As such, program developers and participants alike may stand to benefit from actively exploring ways to condense these initiatives, since a shorter, more-intensive program may actually achieve better results while taking up less time and financial resources.

5. Acknowledge and address psychological barriers to growth.

Not everyone is equally open to self-improvement. In particular, our research found that people who had the most clarity in their sense of self and who were highly conscientious exhibited the least positive change in response to development programs. (Interestingly, these individuals also tended to have higher incomes, suggesting that these traits may be tied to status and salary.) Of course, a strong sense of self isn’t a bad thing. Our results may simply reflect that these individuals are already stronger leaders, and thus have less need for further development. However, it is also possible that seeing themselves too positively may prevent leaders from being vulnerable and thus make them less willing to develop further.

Given these limitations, organizations must manage expectations about different programs’ specific learning outcomes, and help participants choose programs that fit their personal learning goals. It’s also often worthwhile to spend time cultivating the mindset necessary for learning and development before launching into a new development program, for example by fostering vulnerability and comfort with ambiguity. Ultimately, our research shows that different participants will have different levels of readiness for growth, and some may need more support than others in order to benefit from these programs.

6. Ensure that short-term growth leads to sustained, long-term impact.

A large body of psychological research has shown that when a change in wellbeing is initiated by a one-time event, the boost often fades away over time. In general, people adapt to their new realities, and so short-term improvements don’t necessarily lead to long-term transformation. This phenomenon was on display in our own research as well, as improvements in leaders’ wellbeing tended to disappear in the months after the completion of a development program.

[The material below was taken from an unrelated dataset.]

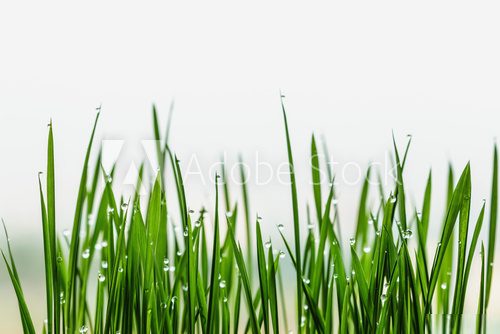 Fototapeta Grass green with dew drops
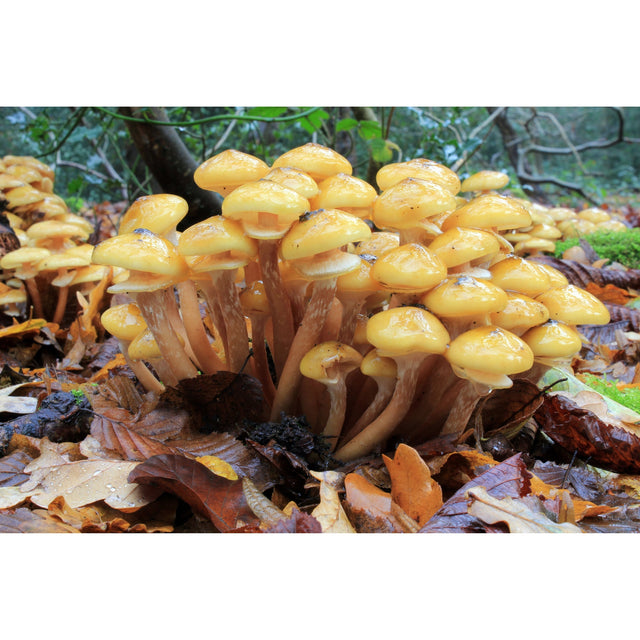 young honey fungus mushrooms growing on the ground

In light of this, organizations would be wise to distinguish between short-term success and true, sustained impact — and ensure that their development efforts avoid prioritizing the former at the expense of the latter. While it’s often easier to measure immediate results, the most effective programs build on these initial changes with reminders and other ongoing interventions designed to establish long-term habits and continued engagement.

7. Embrace online learning.

Finally, as remote work increasingly becomes the norm, many organizations have begun exploring online leadership development options. These programs are generally lower-cost and more efficient, and they make it easier for educators to reach a larger audience. At the same time, some leaders remain understandably uncertain about whether online programs can be as effective as in-person ones.

Despite these concerns, our studies offer cause for cautious optimism: We found no significant differences between online and in-person programs as far as their impact on personal growth and wellbeing. To be sure, there may be other differences between in-person and online programs, beyond the scope of our study — but our initial results suggest that in many situations, development can happen just as effectively online as it can in person.


When justifying massive investments into leadership development, many companies tend to focus almost exclusively on performance outcomes or incomplete, subjective evaluations. But our research shows that these narrow, easily-quantified improvements and subjective ratings are just part of the equation. The best leadership development programs lead to deep personal growth and boost the happiness, meaning, and vitality people experience at work and in life. Especially as employers struggle to maintain employee engagement in the face of countless global and local challenges, fostering wellbeing is both an end in and of itself and a critical strategy to drive performance and retention.

Of course, leadership development programs are no panacea. Without effective implementation, these programs often fail to pay off. But when done right, they can help both today’s leaders and the leaders of the future to grow, engage, and flourish.